What Dog Should I Get? Factors for Choosing the Best Dog for You and Your Home

By Allison Kuopus (Chicago, IL)

Different dog breeds in a rowWhether you’ve been thinking about getting your very first canine companion or are a seasoned pet parent, there are multiple factors to take into consideration when choosing what kind of dog to bring home next.

While it may be tempting to send in an application online for the cutest puppy you’ve ever seen, you have to consider not only what’s best for you and your family, but also what’s going to be best for the dog, too. Before you make a rash decision, do your research. You can start here!


A puppy can be a huge responsibility! You’re starting from scratch with a baby who doesn’t know right from wrong. An older dog, even a year old, will probably have at least potty training. No matter the age of the pup you pick, you’ll want to dedicate time to getting your new pooch adjusted to you, its new home and your routines.
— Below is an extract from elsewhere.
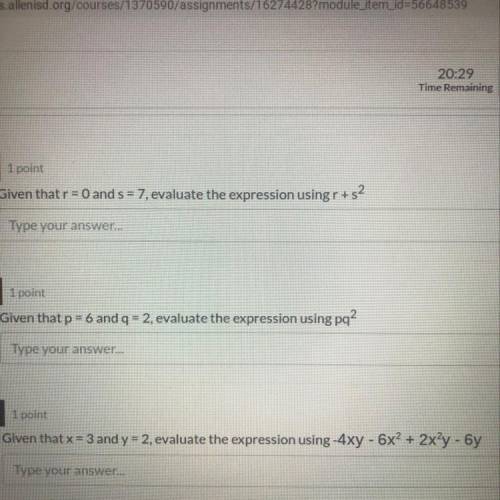 Can someone help me find the answer to these 3 problems if so thank you .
Some rescues cater exclusively to people who want to give senior and special needs dogs their best possible golden years. It takes a special kind of human to take on the responsibility and medical expense of elderly animals, but the reward is unparalleled. 


One of the main things to consider is the space you have available for a small, medium or large dog, both indoor and outdoor. Are you in an apartment or a house? Do you have a yard or access to a dog park? Is there enough wiggle room around furniture for wagging tails? 
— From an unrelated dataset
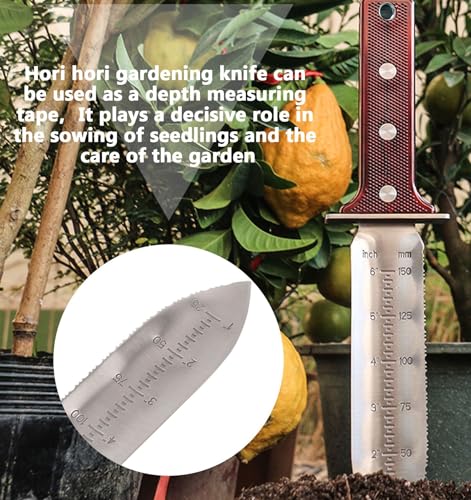 AKAKD Hori Hori Garden Knife Tool - Stainless Gardening knife,With Sheath Soil Knife,Weeding Knife Yes Garden Digging, for Gardeners 2PACK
Larger dogs tend to cost more over time (think of all that food!), while smaller dogs may need extra help staying warm if you live somewhere that gets cold with jackets or sweaters. As sad as it is to say, larger dogs typically have a shorter life expectancy than their smaller counterparts, although there are always exceptions.
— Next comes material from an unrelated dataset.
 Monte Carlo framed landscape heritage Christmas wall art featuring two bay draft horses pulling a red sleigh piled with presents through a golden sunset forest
Regardless of the size of the dog, we know the amount of love you’re going to get is huge.

Schedule and Lifestyle

You don’t have to completely uproot your routine for a new dog, but the responsibility of loving and raising a dog is time-consuming. Think about how often you’re home and how often you can walk and play with your new pal. Take into consideration whether you need a companion who will be good with kids, seniors, other animals, or special needs family members. If you work or travel a lot, make sure someone else will be around regularly for socialization and exercise. Perhaps you may need to consider getting a dog walker or enrolling your pup in doggie daycare. 

Breed and personality

According to American Kennel Club, there are seven main categories of dog breeds. Each breed has its own general personality traits, physical characteristics and overall needs, and each individual dog even more specific. Be sure to research these characteristics before you settle into a specific breed. You want to make sure you can offer the dog a lifestyle that would best suite them and set them up for success.

Keep in mind that purebred dogs may be genetically predisposed to hereditary health conditions later in life, like hip dysplasia, knee problems or even cancer, while mutts with mixed genes generally speaking have less health issues. 

Energy and activity level

Every dog needs at least some exercise to stay healthy, regardless of energy level. Older dogs will typically have lower physical needs than puppies, and certain breeds have more energy to burn than others. Do you want someone you can take running and hiking, a couch potato to watch movies with, or maybe a little bit of both?

Intelligence and Trainability

All dogs need at least a little training, so if that’s not something you can dedicate considerable time to, maybe you’d prefer an older dog who may not require much more training than it already has. Keep in mind, too, that more intelligent breeds will require mental stimulation regularly, or they may act out.  Making sure your dog’s needs are being met is the best way to set yourself up for success especially if you have a breed who needs extra stimulation. Examples of these breeds would include, border collies, Australian cattle dogs, and Belgian Malinois to name a few.

Shedding and Coat

All dogs shed, but some more, and more often, than others. Wiry haired dogs and those with short, fine hair will shed less than ones with long coats. Some dogs, like poodles, require regular professional grooming, as opposed to the occasional brushing or at home baths. A quick Google search can help you figure out what sort of maintenance the dog you’re looking at will require.

Ask. Ask. Ask.

Whether you look for a dog from a shelter, rescue or reputable breeder, ask as many questions as possible about your potential new pup to make sure they’ll be the right fit for you. These organizations and individuals have years’ worth of experience matching dogs with forever families like yours. You might be surprised, the dog you have your eye on because it’s cute may not be the best fit for your lifestyle. I always recommend going to a shelter or adoption event and interacting with the animals. Most times your perfect companion will be one you never even thought you’d end up with. 

And if you’re not sure you’re ready to commit just yet, ask about fostering options!